RIAA Extends Legal Action
shystershep writes "An article at InfoWorld tells how the RIAA 'is filing 41 new lawsuits and sending 90 lawsuit-notification letters this week, adding to the 341 lawsuits filed and 308 notification letters sent since September. The RIAA has settled with 220 file-sharers as a result of lawsuits, lawsuit-notification letters and subpoenas. In addition, 1,054 users have submitted affidavits as part of the RIAA's amnesty program.' The RIAA also claims that its tactics are actually working -- to increase awareness and reduce online piracy."
... this is what their records and statistics may claim. And as we all know the RIAA is a bastion of honesty, forthrightness and righteousness.
The number of people on the big file-sharing networks is half of what it was before the law suits. But as kazaa declines, edonkey and bittorrent grow. If they're stated goal is to destroy kazaa, then mission accomplished. But if they want to stop file sharing, they'll have to destroy the internet.
Rather than your point, which is that the RIAA's legal actions may be driving people to buying digitial music, couldn't you also argue that the decrease in p2p activity is due to people finally having access to a number of viable, legitimate, cheap online music outlets?
I'm sure the number of people who stopped pirating music because they could sample it and buy it for cheap on iTunes is pretty significant.
I agree that the lawsuit's are stupid on the part of the RIAA, but why is suing a 12 year old file swapper any worse than suing a 32 year old geek who lives in his parents basement?
Because the purpose of the lawsuits are a public relations war, and every time they fuck up (sue a 12 year old, sue a Mac-owning granny) they shoot themselves in the foot.

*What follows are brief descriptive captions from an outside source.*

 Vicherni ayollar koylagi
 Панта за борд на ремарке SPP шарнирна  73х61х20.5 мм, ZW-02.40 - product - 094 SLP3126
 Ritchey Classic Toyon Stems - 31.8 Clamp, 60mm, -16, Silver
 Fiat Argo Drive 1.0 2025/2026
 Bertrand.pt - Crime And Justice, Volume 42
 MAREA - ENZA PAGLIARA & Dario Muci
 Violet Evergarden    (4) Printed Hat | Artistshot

Also because they are trying to change the term "piracy" to mean "sharing copyrighted material without paying the piper" away from its original meaning of publishing copyrighted material without a license. Funny, folks don't seem to cotton to equating a 12-year old downloading tracks with a criminal bootleg operation.

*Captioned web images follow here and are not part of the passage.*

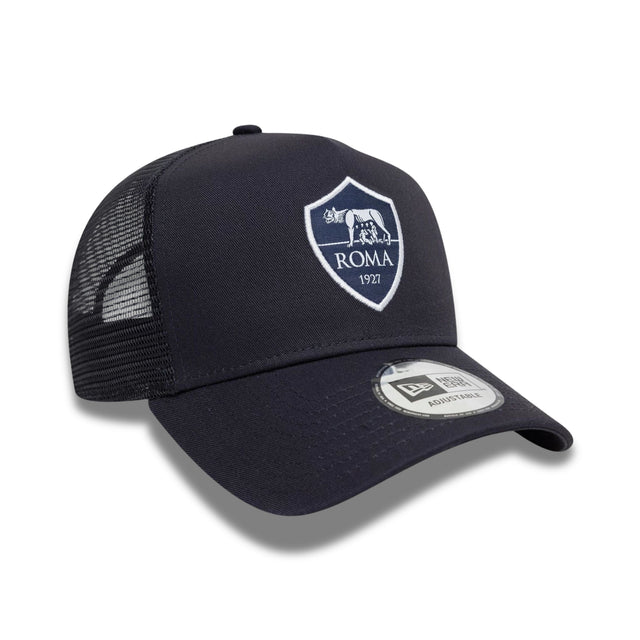 New Era Seasonal Ef Trucker Asroma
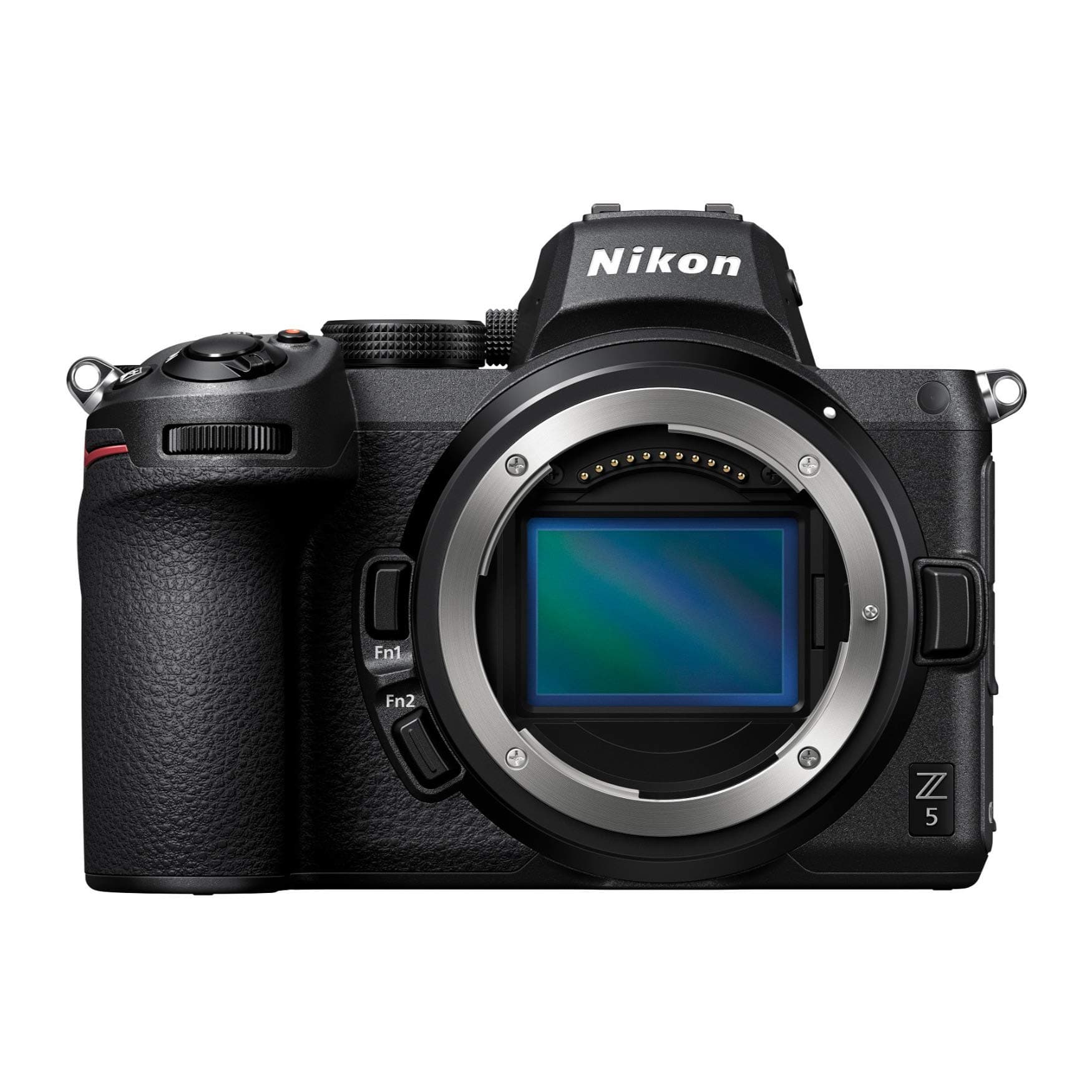 Nikon Z5 Mirrorless Camera Body only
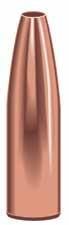 Speer Varmint Hollow Point Rifle Bullets .25 cal .257in 100 gr JSP 100/ct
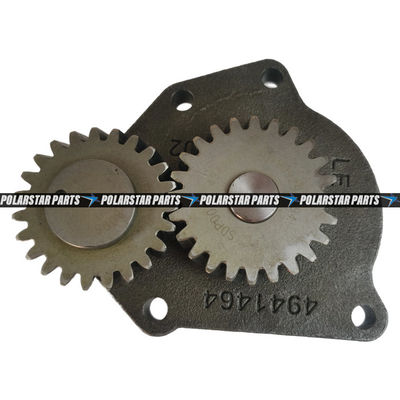 6745-51-1110 Excavator Oil Pump Pc300-8 Saa6d114e Qsc8.3 Qsl9 4941464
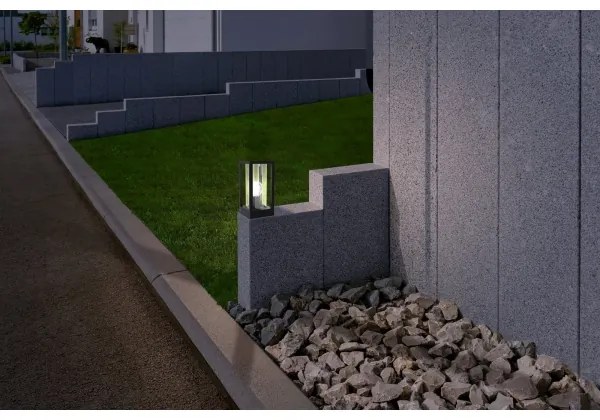 Eglo 98714 - Lampă exterior CASCINETTA 1xE27/40W/230V IP54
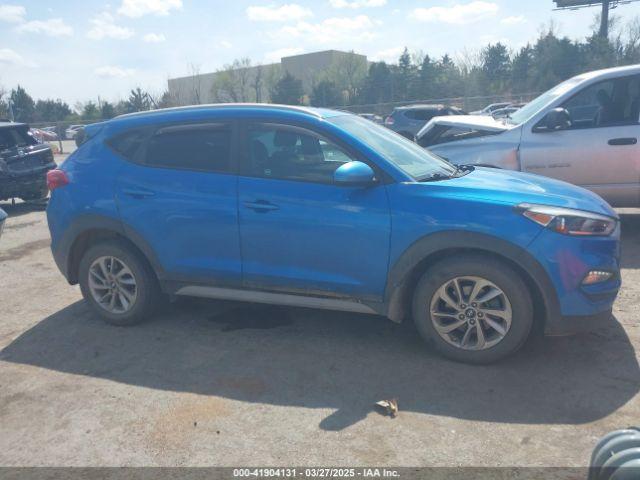 Hyundai TUCSON Se Image 6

The industry fucked up by not taking Napster and using it as a conduit for regular sales.
I know too many people who love good music to risk buying crap at the store that they haven't gotten a proper chance to preview, but let's leave behind the idea that many people treated the MP3s they downloaded as the equivalent of ads when it came to determining what CDs they wanted to buy.

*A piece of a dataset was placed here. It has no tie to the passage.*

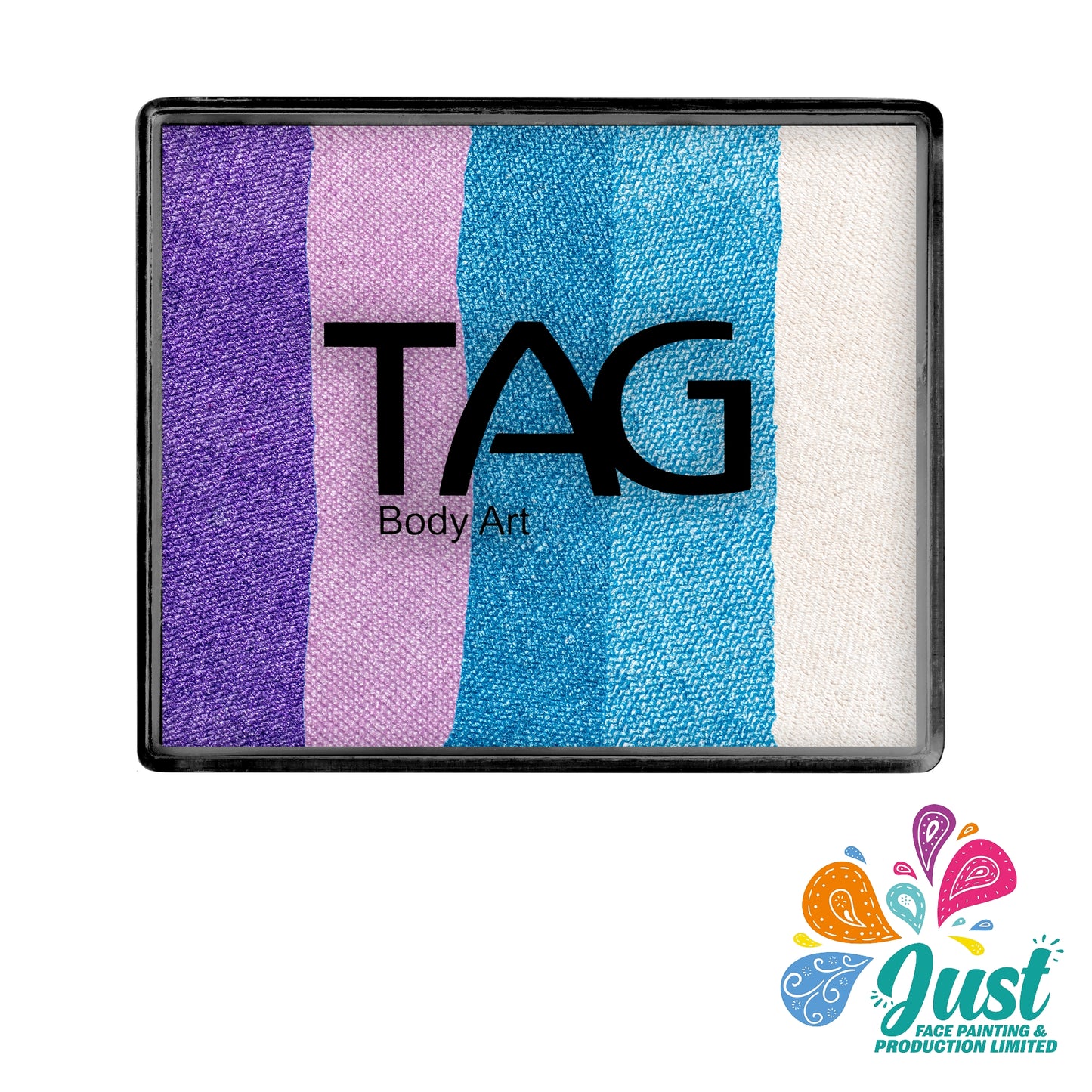 TAG Body Art - BLENDER CAKE 50G - Lavender Skies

Think on this instead. You're already on Napster, downloading music. You've just found out that you can also buy concert tickets there. Or, there's a neat service that, for 5 bucks, will dump a huge selection of thematically-related songs onto your computer in a conveniently located spot for burning to a CD. Or, there's a spot for getting T-shirts, posters, sweaters, stickers of your favourite band. Or, there's a spot for buying 50c's autobiography or that Rolling Stones concert on DVD. Or, there's a spot that lets you buy the CDs themselves, since sometimes people want the jackets and lyrics and higher-quality music.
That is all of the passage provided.